[Lustre-devel] Simpifying Interoperation

Fri Sep 26 12:51:30 PDT 2008

On Sep 25, 2008  16:54 +0100, Eric Barton wrote:
> 1. This scheme should not interfere with upgrade via failover pairs,
>    and it must also allow the MDS to be upgraded separately from the
>    OSSs.  I think this means in general that we have to allow
>    piecemeal server upgrades.
> 
> 2. This scheme need a mechanism that...
> 
>    a) notifies clients when a particular server is about to upgrade so
>       that update operations are blocked until the upgrade completes
>       and the client reconnects to the upgraded (and/or failed over)
>       server.
> 
>    b) notifies the server when all clients have completed preparation
>       for the upgrade so that no further requests require resend.
> 
>    c) notifies clients when all outstanding updates have been
>       committed.  If the server crashes before this point, client
>       replay is still required.  Clients must not poll for this since
>       the server is shutting down.
> 
>    The DLM seems the right basic mechanism to notify clients, however
>    current assumptions about acquisition timeouts might be an issue.
> 
>    We must also ensure that the race between this server upgrade
>    process and connection establishment (including any new
>    notification locks) by new clients is handled consistently.

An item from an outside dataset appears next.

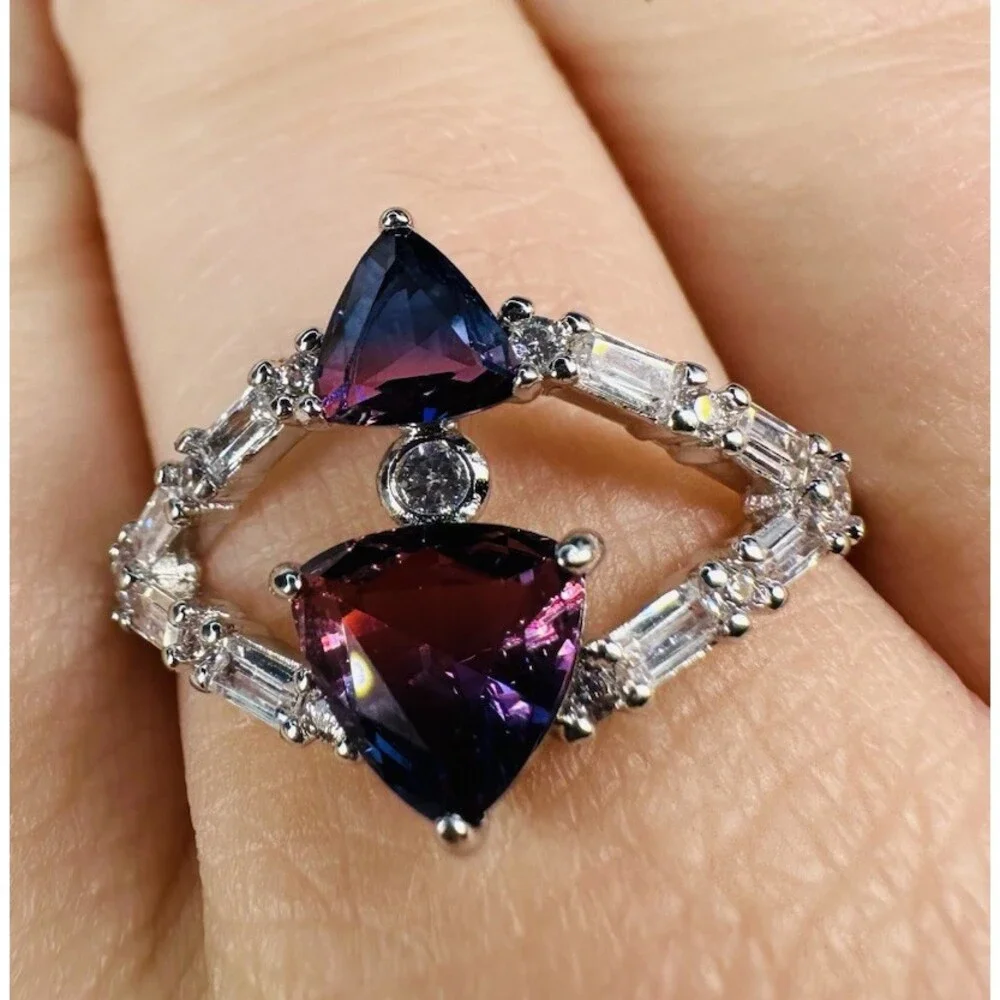 Bomb Party Ring Size 11 Blue Purple Pink Trilliant Crystal Rhodium Statement NWT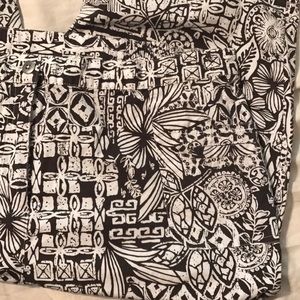 Liz & Me black and white print Capri pants.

Having the MGS handle the locking here seems like the right thing.
Something like a persistent "all access" lock that is held by the
client in the MGS namespace indefinitely, but if the MGS ever revokes
it the client must block all operations until it can re-get it.

> 3. It's not clear to me that we need to evict, or even clean the
>    client cache provided the client doesn't attempt any more writes
>    until it has connected to the failover server.  The client can
>    re-acquire all the locks covering its cache during recovery after
>    the upgrade - and there is no need for request refomatting here
>    since locks are replayed explicitly (i.e. new requests are
>    formatted from scratch using the correct protocol version).
> 
>    It does seem advisable however to clean the cache before such a
>    significant system incident.

Definitely, yes, flushing the client's dirty data to disk is a good
idea.  That would also minimize the number and type of things that
can go wrong during an upgrade.  I wouldn't totally be against the
server cancelling all of the client locks during an upgrade.  The
frequency of upgrades is low enough that the cost of repopulating
the cache is reasonable.  This may also simplify locking changes in
the future (e.g. if extra data is needed in the LVB or new flags).

> 4. We can avoid reformatting requests during open replay if this is
>    also done explicity.

No, open replay is done by replaying the original open RPC, which is
kept indefinitely using the original transaction number.

> 5. This scheme prevents recovery on clients that were disconnected
>    when the upgrade began.  Such clients will simply be evicted when
>    they reconnect even though the server should actually have
>    committed all their replayable requests.
> 
>    If this can be prevented, we can probably also dispense with much
>    of the notification described in (2) above.  However it would
>    require (a) a change in the connection protocol to get clients to
>    purge their own replay queue and (b) changes to ensure resent
>    requests can be reconstructed from scratch (but maybe (b) is just
>    another way of saying "request reformatting").
> 
>    If this is doable - it further begs the question of whether simply
>    making all server requests synchronous during upgrades is enough to
>    simply most interoperation issues.
> 
> 6. This is all about client/server communications. Are there any
>    issues for inter-server interoperation?

The current 2.0 update does not change the MDS->OSS protocol in any
way (AFAIK).  Changes like CROW and FID-on-OST are not yet implemented.

> 7. Clients and servers may have to run with different versions for
>    extended periods (one customer ran like this for months).  Does
>    this raise any issues with this scheme?

I don't think so, because the need to interoperate for even a minute
is no different than a month, once the support is there.

Cheers, Andreas
--
Andreas Dilger
Sr. Staff Engineer, Lustre Group
Sun Microsystems of Canada, Inc.